If you are a member of the District Data Labs Faculty group, you have direct access to the repository, which is set up in a typical production/release/development cycle as described in A Successful Git Branching Model. A typical workflow is as follows:
Select a card from the dev board - preferably one that is "ready" then move it to "in-progress".
Create a branch off of develop called "feature-[feature name]", work and commit into that branch.
~$ git checkout -b feature-myfeature develop
Once you are done working (and everything is tested) merge your feature into develop.
~$ git checkout develop ~$ git merge --no-ff feature-myfeature ~$ git branch -d feature-myfeature ~$ git push origin develop
Repeat. Releases will be routinely pushed into master via release branches, then deployed to the server.
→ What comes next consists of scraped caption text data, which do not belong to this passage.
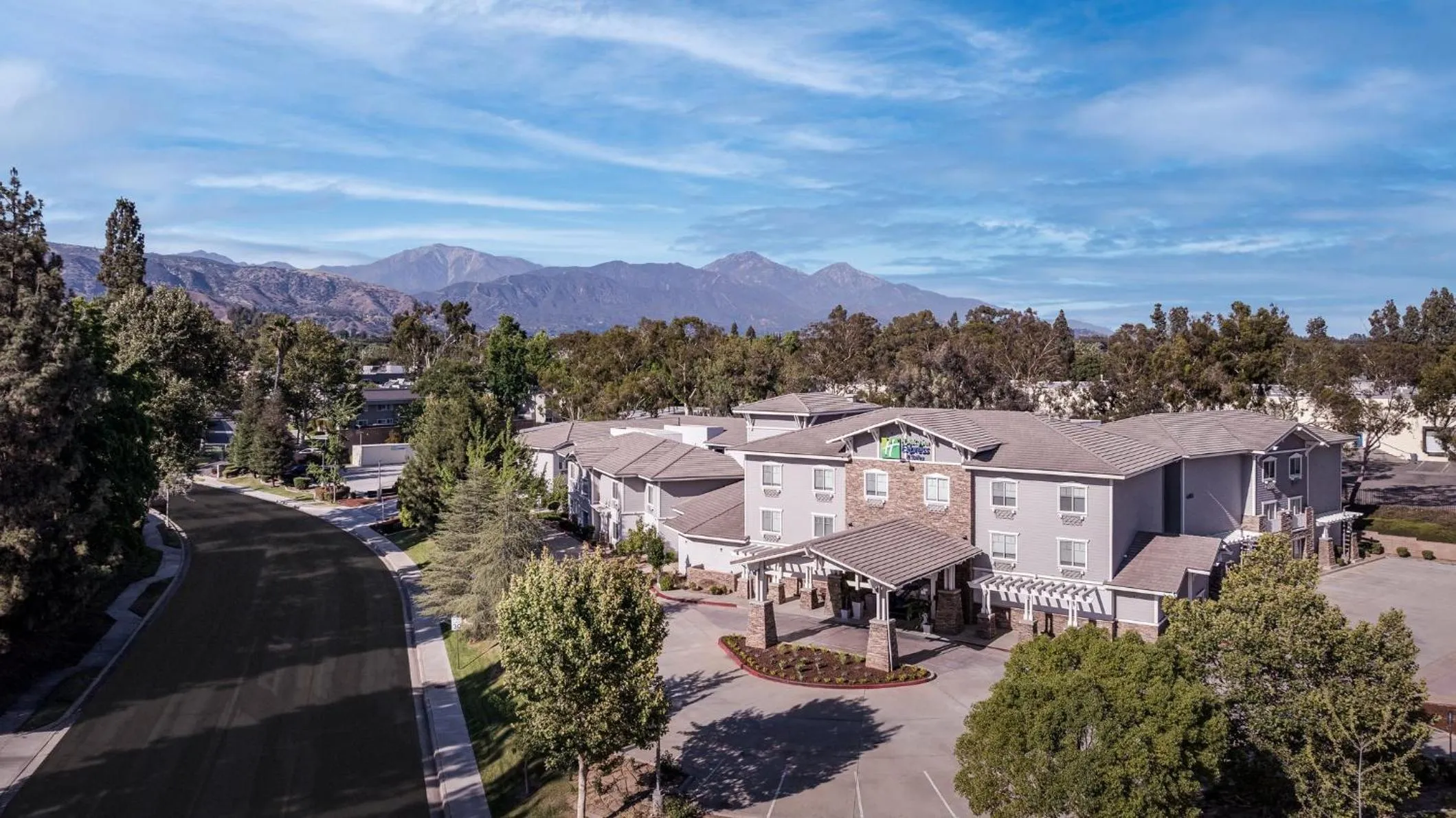 Property building in Holiday Inn Express Hotel & Suites San Dimas by IHG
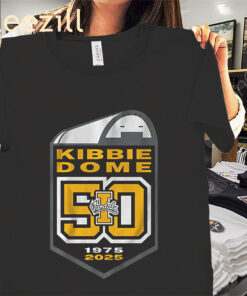 Idaho Vandals Football Kibbie Dome 1975-2025-50th Anniversary Legend Shirt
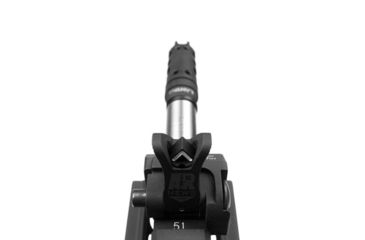 Image of Blitzkrieg Components AR-15 Chevron Front Sight Post w/ No Tool, White, ARCFS08W
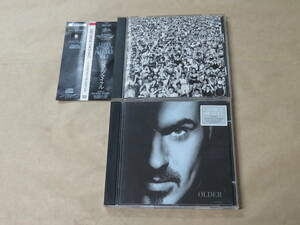 ジョージ・マイケル CD2枚セット　/　LITSEN WITHOUT PREJUDICE VOL.1　/　Older（輸入盤）　（George Michael）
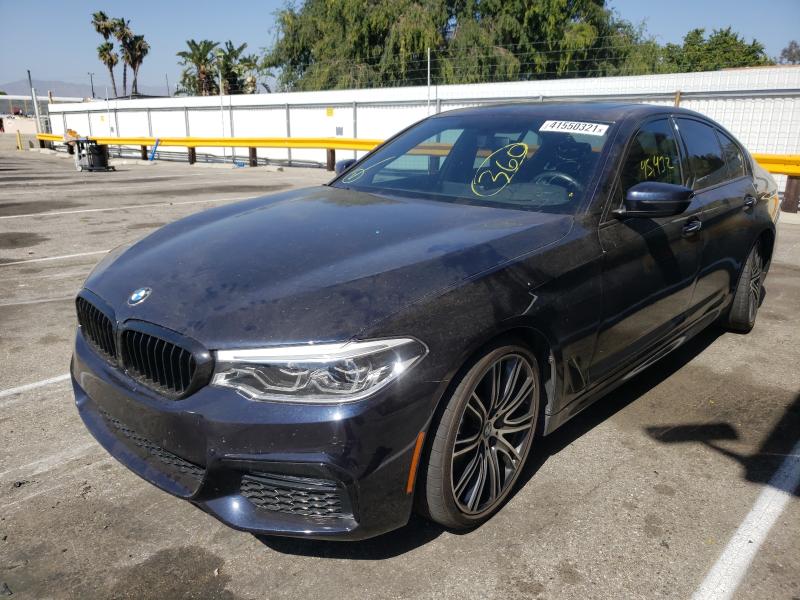 Photo 1 VIN: WBAJE5C35HG914477 - BMW 540 I 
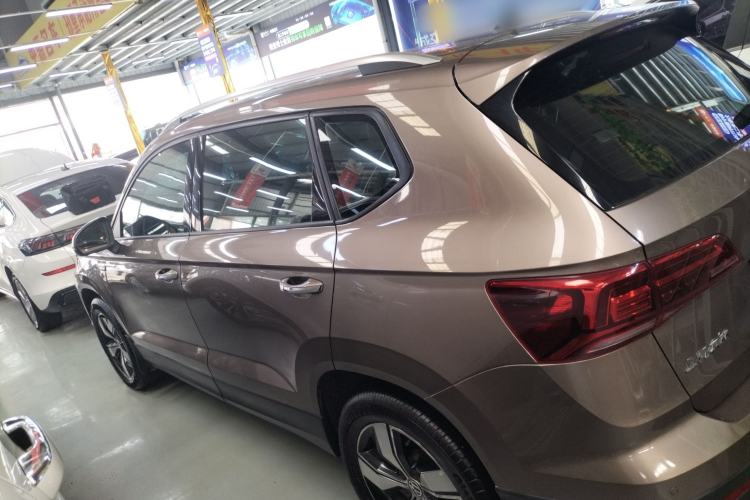 Used Volkswagen Tharu 2020 280TSI Two-Wheel Drive Comfort Edition China VI Standard Exterior 3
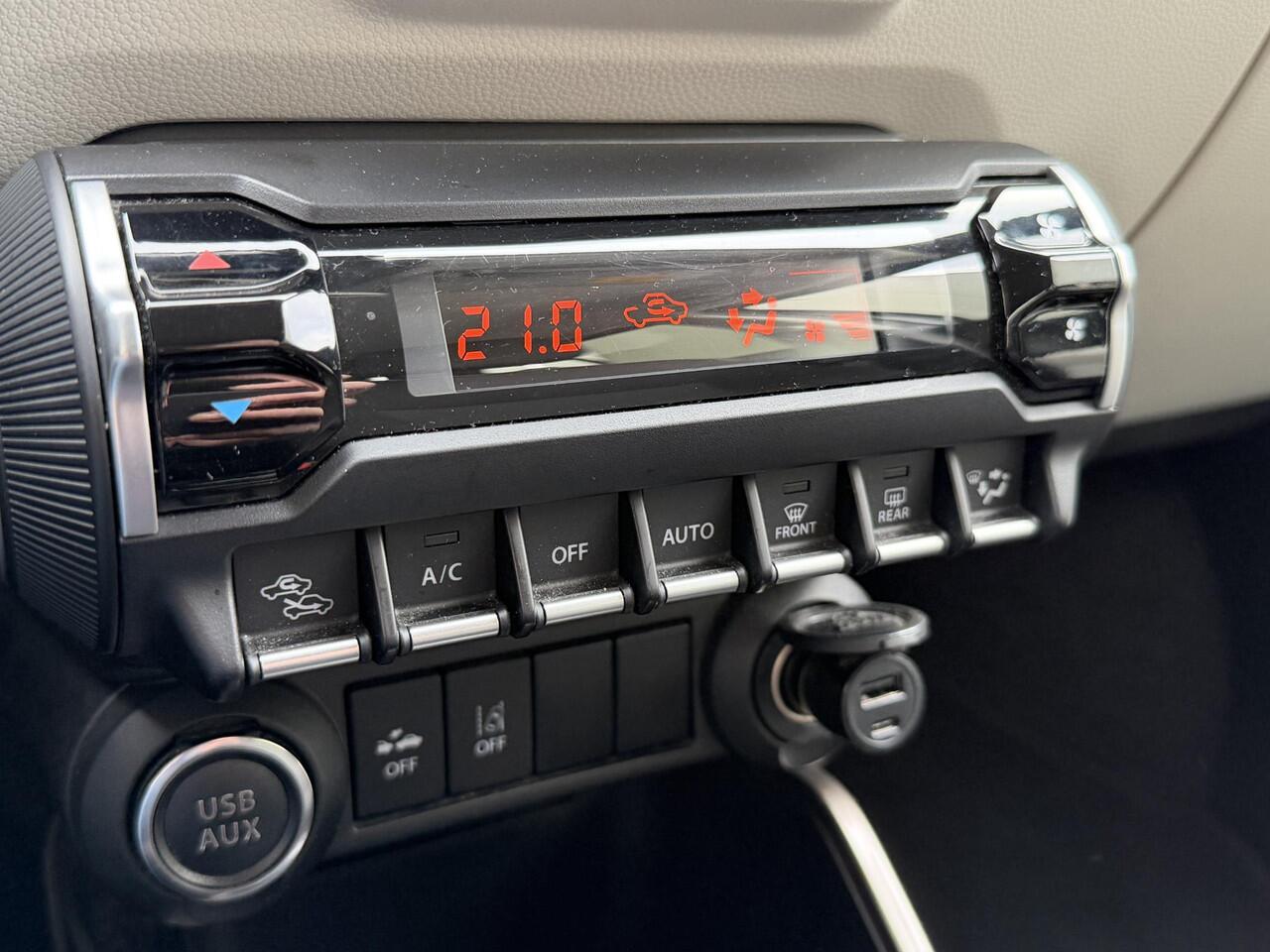 Suzuki IGNIS 1.2 Style / Clima / Stoelverwarming / Navigatie / Camera / Keyless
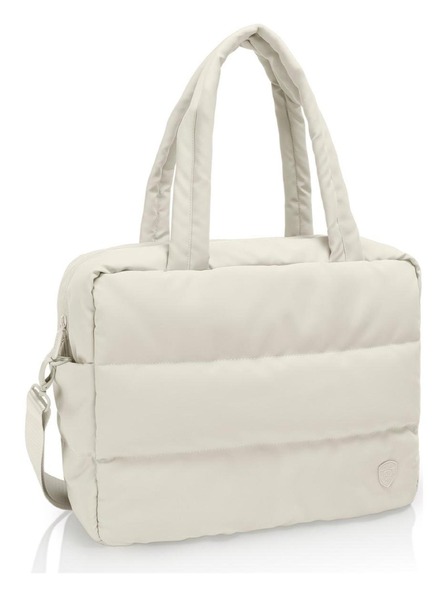 Heys Geantă Heys Puffer Personal Bag Off White
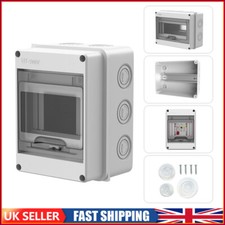 2-Way Consumer Unit Fuse Box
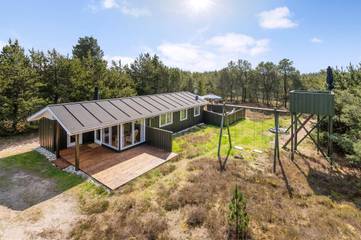 Ferienhaus mit Meerblick für 6 Personen, mit Terrasse auf Læsø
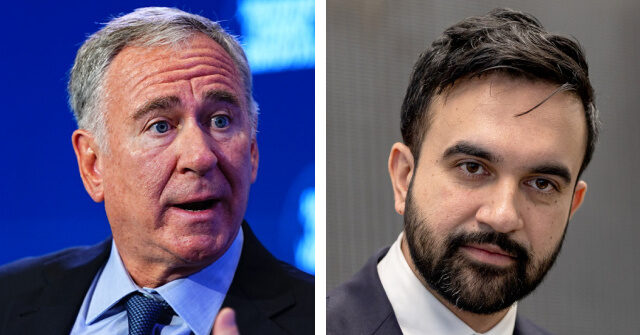 Hedge Fund CEO Ken Griffin Considering Backing Out of $6B NYC Project Over Mamdani ‘Tax the Rich’ Video
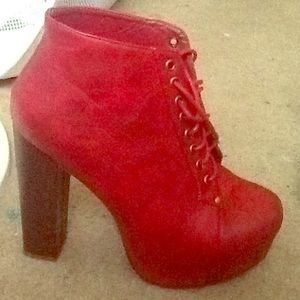 Red Booties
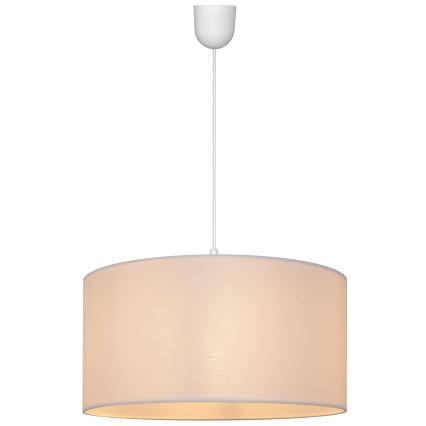 Luster na sajli ALBA 1xE27/15W/230V pr. 40 cm bijela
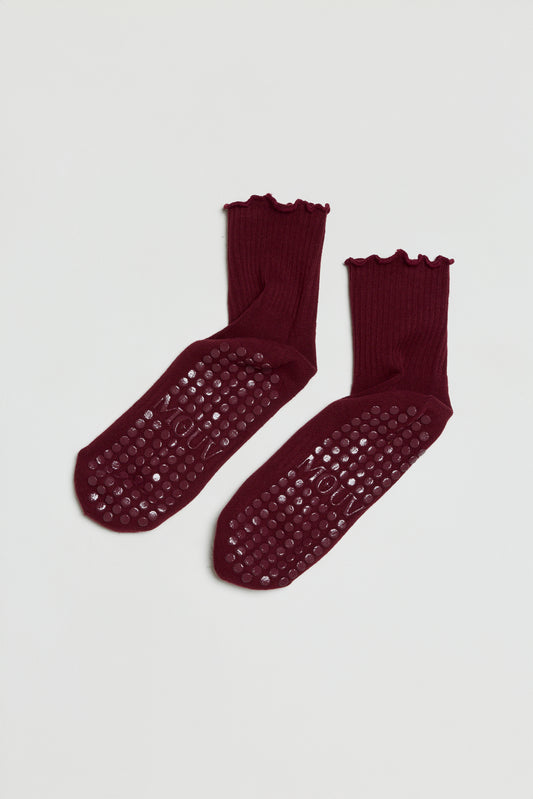 Ruffle Crew (Maroon)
Thank you for all your help contributing to make Tribe a great project!
- Benjamin Bengfort: @bbengfort
- Your name welcome here!
The release versions that are sent to the Python package index (PyPI) are also tagged in Github. You can see the tags through the Github web application and download the tarball of the version you'd like.
The versioning uses a three part version system, "a.b.c" - "a" represents a major release that may not be backwards compatible. "b" is incremented on minor releases that may contain extra features, but are backwards compatible. "c" releases are bug fixes or other micro changes that developers should feel free to immediately update to.
After some feedback about the length of time it was taking to create the edges in the NetworkX graph, we modified the
FreqDist object to memoize calls to N, B, and M. This means that on a per edge basis, far fewer complete traversals of the distribution are carried out. Already we have observed minutes worth of performance improvements as a result. The Graph also now carries more information including edge weights by frequency, count, and by L1 norm. The Graph itself carries email count and file size information data alongside other information.
In this release we have improved some of the handling code to make things a bit more robust with students who work on a variety of operating systems. For example we have added a progress indicator so that something appears to be happening on very large mbox files (and you're not left wondering). Additionally we have added better error handling so one bad email doesn't ruin your day. We also made the library Python 2.7 and Python 3.5 compatible with a better test suite.
This is the initial release of Tribe that has been used for teaching since the first SNA workshop in 2014. This version was cleaned up a bit, with extra dependency removal and better organization. This is also the first version that was deployed to PyPI.